Arts Vibrancy in Chicago: An arts powerhouse and a global cultural destination
Guest post by Mark Kelly, Commissioner of the Chicago Department of Cultural Affairs and Special Events
*Chicago ranks #15 on NCAR's top 20 list of most arts-vibrant large communities.
Of course, I’m not surprised that the Chicago Metro area ranked among the top 20 “most arts vibrant” large communities in the recently-released 2017 Arts Vibrancy Index.

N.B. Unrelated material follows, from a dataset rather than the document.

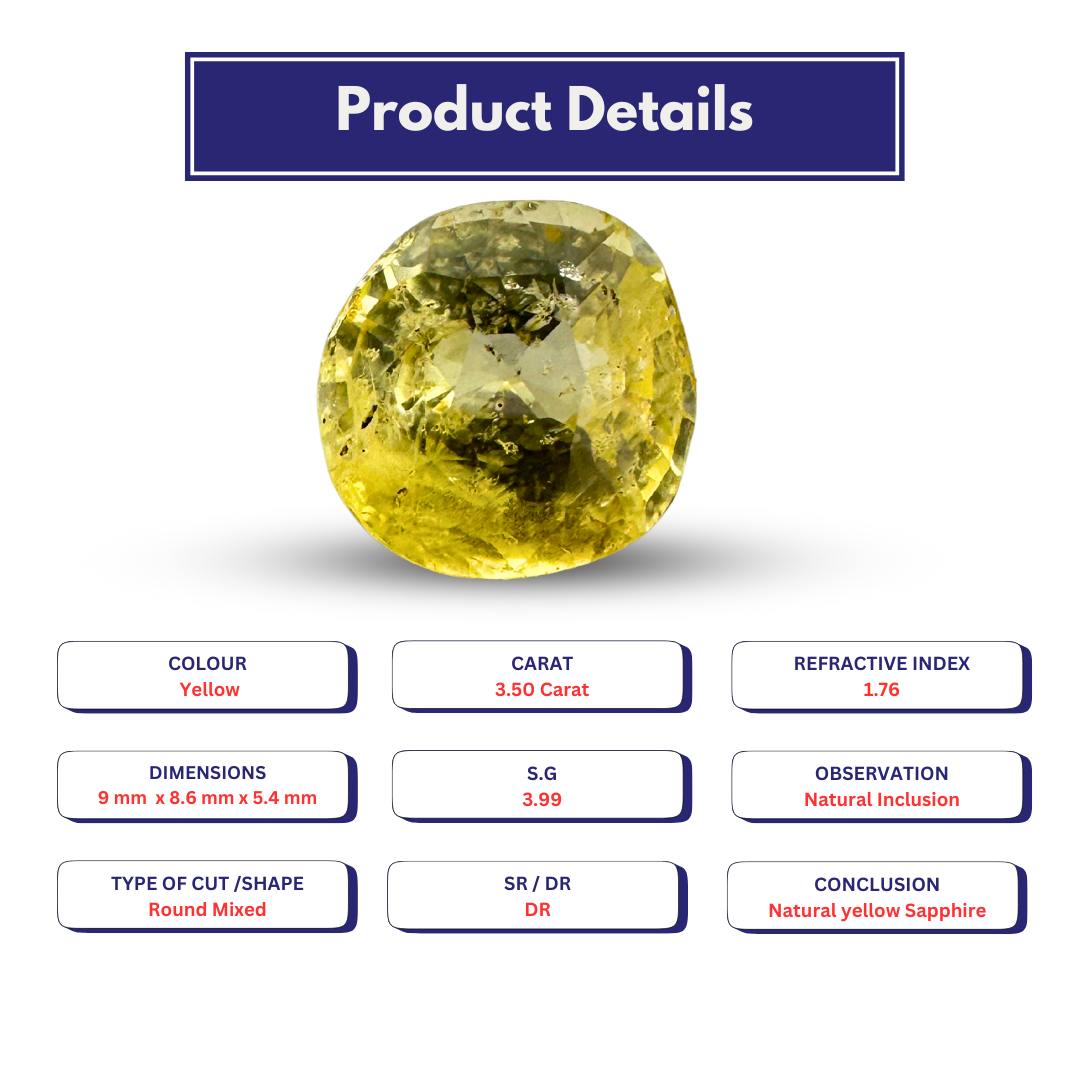 Yellow sapphire 3.50 Carat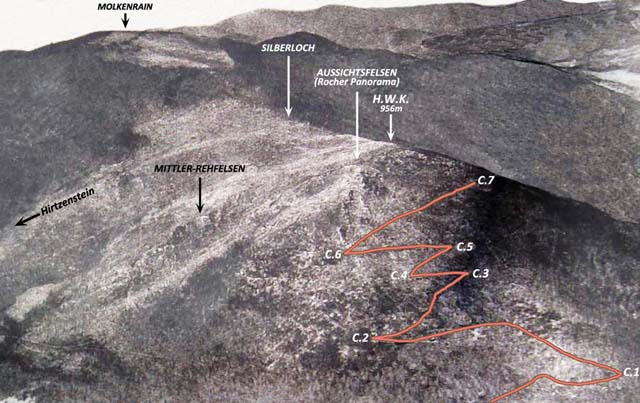 Vue aérienne du Hartmannswillerkopf en 1916.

Chicago is one of the world’s great cultural capitals, attracting 54 million visitors last year. We are the birthplace of storefront theater, modern architecture, footwork, improv, poetry slams, gospel music, the urban blues and more. Chicago’s creative talent is supporting our burgeoning film and design industries. Our great urban parks, which are increasingly filled with festivals, performances and public art, make Chicago a great place to live and work. Our colleges and universities are attracting thousands of creative students—and young people in Chicago from early childhood through high school are increasingly engaged in creative pursuits.
But the Chicago area’s ranking as #15 doesn’t reflect the total picture of government arts funding in Chicago.
The Chicago Park District annual budget, for example, supports some of the city’s finest cultural institutions such as Lincoln Park Zoo, Museums in the Parks (including 10 museums and an Aquarium), the Grant Park Music Festival, After School Matters and the Garfield Park Conservatory Alliance, with an investment of $42 million in 2017. Additionally, the Park District budget funds 15 neighborhood cultural centers, public art and thousands of cultural events.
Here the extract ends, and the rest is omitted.